Array length Definition with mathematical operation in c

Question

I want to define an Array in c in followed way:

#define MACRO1 5U
#define MACRO2 6U
int arr[MACRO1+MACRO2];

my question is: Is Array arr a dynamical defined Array in Heap or static defined Array in DATA-Segment(or BSS)?

I think, arr is a dynamic defined array. It is similar with an array allocated with malloc function. The reason is, that the mathematical addition will be done firstly in runtime. In Compilertime all macros will be only expanded as followed:

int arr[5U+6U];

I used a Compiler with c90 Standard.

Can anybody help me? Is my argumentation Right?

Answer 1

This:

#define MACRO1 5U
#define MACRO2 6U
int arr[MACRO1+MACRO2];

is equivalent to this:

int arr[5U+6U];

Since 5U+6U is a constant expression, it's evaluated at compile time, just as if you had written:

int arr[11U];

or, since the particular type of an array length is not part of the array's type:

int arr[11];

Since the length is a constant expression, arr is not a variable-length array (VLA), and it's legal to define it at file scope. (C90 did not have VLAs. C11 made support for them optional.)

If arr is defined inside a function without the static keyword, it has automatic storage duration; in most implementations, this means it's allocated on the "stack". Otherwise, it has static storage duration (it exists for the entire execution of the program, and it's allocated in whatever manner the implementation uses (perhaps a BSS segment or something similar). It will not be allocated in the same manner as by a call to malloc() (on the "heap").

Constant expressions are defined in section 6.6 of the current C standard (see the N1570 draft).

A constant expression may not contain assignment, decrement, increment, function-call, or comma operators, unless they're in a subexpression that's not evaluated. An integer constant expression may only have operands that are integer constants, enumeration constants, character constants, sizeof expressions whose results are integer constants, and a handful of other things.

Answer 2

arr is an array whose size is determined at compile time. In C terminology, it's an array that isn't a variable length array. That's because its size is a constant. The variable can be annotated as static or put at file scope, and that makes it a global variable, with a size that can be reserved statically (typically included in the BSS, if the C implementation has a BSS).

Any expression that is understood by the preprocessor is a constant. For example, you can have a preprocessor directive

#if MACRO1 + MACRO2 > 4
…

The preprocessor (which is part of the C compiler) performs the computation (looking up the values of MACRO1 and MACRO2, performing the addition and the comparison) in an early stage of the compilation.

There are also constants that the preprocessor cannot calculate, mostly resulting from sizeof: the result of sizeof is a compile-time constant unless the calculation involves the size of a variable length array.
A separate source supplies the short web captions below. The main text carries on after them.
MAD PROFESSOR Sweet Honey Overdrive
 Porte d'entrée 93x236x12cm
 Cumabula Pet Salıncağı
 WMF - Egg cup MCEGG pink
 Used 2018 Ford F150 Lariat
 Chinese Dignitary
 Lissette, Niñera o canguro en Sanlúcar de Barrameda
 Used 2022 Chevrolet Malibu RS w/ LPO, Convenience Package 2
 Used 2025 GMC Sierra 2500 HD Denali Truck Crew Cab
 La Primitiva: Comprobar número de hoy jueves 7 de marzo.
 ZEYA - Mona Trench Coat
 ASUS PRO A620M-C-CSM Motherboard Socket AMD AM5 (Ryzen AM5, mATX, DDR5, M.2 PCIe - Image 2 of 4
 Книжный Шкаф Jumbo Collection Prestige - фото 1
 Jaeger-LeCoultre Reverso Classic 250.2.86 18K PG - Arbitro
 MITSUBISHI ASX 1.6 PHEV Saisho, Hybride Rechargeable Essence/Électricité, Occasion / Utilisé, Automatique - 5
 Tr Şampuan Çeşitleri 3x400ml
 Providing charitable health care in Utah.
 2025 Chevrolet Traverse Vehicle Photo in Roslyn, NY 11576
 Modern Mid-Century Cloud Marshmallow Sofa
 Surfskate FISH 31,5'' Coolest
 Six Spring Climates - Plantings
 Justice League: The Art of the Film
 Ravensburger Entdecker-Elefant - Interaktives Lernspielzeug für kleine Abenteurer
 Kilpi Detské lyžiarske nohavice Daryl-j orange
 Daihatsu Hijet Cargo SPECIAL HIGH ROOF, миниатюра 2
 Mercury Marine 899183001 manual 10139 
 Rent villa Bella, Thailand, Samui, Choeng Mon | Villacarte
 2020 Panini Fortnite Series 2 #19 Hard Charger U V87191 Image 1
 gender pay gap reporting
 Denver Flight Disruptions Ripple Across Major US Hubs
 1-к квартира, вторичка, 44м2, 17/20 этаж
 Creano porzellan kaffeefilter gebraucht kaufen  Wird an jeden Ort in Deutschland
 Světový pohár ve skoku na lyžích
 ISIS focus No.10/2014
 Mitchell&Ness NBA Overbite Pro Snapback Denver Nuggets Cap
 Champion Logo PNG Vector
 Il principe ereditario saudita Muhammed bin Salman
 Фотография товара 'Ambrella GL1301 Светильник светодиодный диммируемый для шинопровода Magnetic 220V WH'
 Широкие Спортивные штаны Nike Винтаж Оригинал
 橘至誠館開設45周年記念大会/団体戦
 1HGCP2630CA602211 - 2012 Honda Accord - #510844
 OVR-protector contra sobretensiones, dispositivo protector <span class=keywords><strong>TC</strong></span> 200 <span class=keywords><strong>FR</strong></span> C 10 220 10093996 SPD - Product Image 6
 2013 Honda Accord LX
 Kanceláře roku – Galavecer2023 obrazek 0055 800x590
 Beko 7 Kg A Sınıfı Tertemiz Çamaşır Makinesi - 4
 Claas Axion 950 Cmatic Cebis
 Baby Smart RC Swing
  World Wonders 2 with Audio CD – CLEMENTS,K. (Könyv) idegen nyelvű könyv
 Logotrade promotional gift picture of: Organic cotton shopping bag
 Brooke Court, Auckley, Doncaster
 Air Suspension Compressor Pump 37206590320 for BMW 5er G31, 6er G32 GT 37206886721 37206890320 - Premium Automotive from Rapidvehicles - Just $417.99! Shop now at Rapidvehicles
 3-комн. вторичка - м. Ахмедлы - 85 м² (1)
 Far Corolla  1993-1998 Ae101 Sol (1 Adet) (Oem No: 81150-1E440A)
So while you cannot write #if sizeof(some_type) > 4, you can write things like

static unsigned char b[sizeof(x) * 2];
static c = sizeof(x) | 4;

The size of the array b and the value used to initialize c are both compile-time constants.

Basically, any expression that doesn't involve the value of a variable or a pointer dereference is a compile-time constant (“constant expression” in the terminology used by the C standard).

On the other hand, the value of a variable (as opposed to a macro) is not a compile-time constant, so it cannot be used where a compile-time constant is required¹.

const x = 3; /* OK */
static c = x; /* not ok in C */

¹ _{C++ works differently here. My answer is about C.}

Answer 3

when u do

#define MACRO1 5U
#define MACRO2 6U
int arr[MACRO1+MACRO2];

the c compiler just sees

int arr[11];

which is probably not 'dynamic' - I quote dynamic because you dont define what 'dynamic' means for you.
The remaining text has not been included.